To ensure valid estimates in dynamic spatial panel models, it was essential to verify the stationarity condition in both the temporal and spatial components. Meeting this condition avoided persistent trends in the variables, reducing the risk of spurious relationships and biases in the results (Baltagi et al., 2003). Additionally, it ensured that spatial dependence between geographical units remained stable over time, which allowed for the identification of dynamic and spatial effects, improved causal interpretation, and minimized problems of collinearity or correlation in errors (Baltagi et al., 2007; J. P. Elhorst & Emili, 2022). For that reason, we applied the Baltagi, Song, and Koh (BSK) test as an alternative hypothesis for the existence of a spatial relationship between the geographical units.

The BSK test is based on the Lagrange Multiplier and the spatially conditioned Lagrange Multiplier (Baltagi et al., 2007). This statistic is constructed from the partial derivative vector of the log-likelihood with respect to the spatial parameters, evaluated under the null hypothesis, and from the inverse of the Fisher information matrix, which reflects the expected information on these parameters. Its general form is $LM=(\partial L/\partial y)\prime ·J_y^{-1}·(\partial L/\partial y)$, and it allows the validity of models without contrasting spatial effects, and without the need to estimate unrestricted models, being an efficient tool to detect the presence of spatial lags or autocorrelation in errors (Baltagi et al., 2003, 2007).
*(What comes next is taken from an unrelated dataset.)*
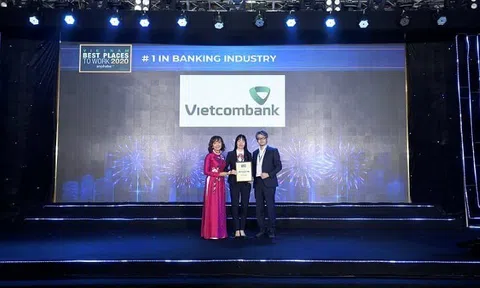 Lần thứ 5 Vietcombank là ngân hàng có môi trường làm việc tốt nhất Việt Nam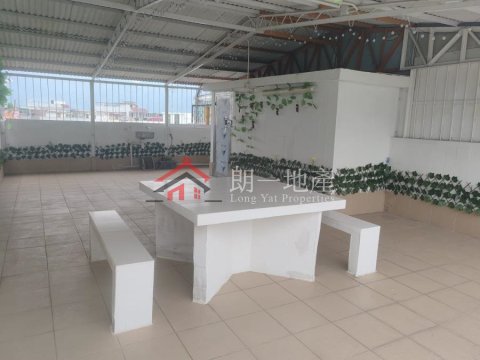 �j��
The conditioned version of the LM statistic adjusts the test to control for the possible simultaneous presence of other spatial effects, evaluating the significance of a specific spatial effect conditional on the fact that the other is already present in the model (Baltagi et al., 2007). Moreover, in this analysis we used the Lagrange Multiplier statistic along with the Hausman test to set the panel effects. In this context, rejection of the null hypothesis favored the fixed-effect model, while non-rejection supported the existence of random effects.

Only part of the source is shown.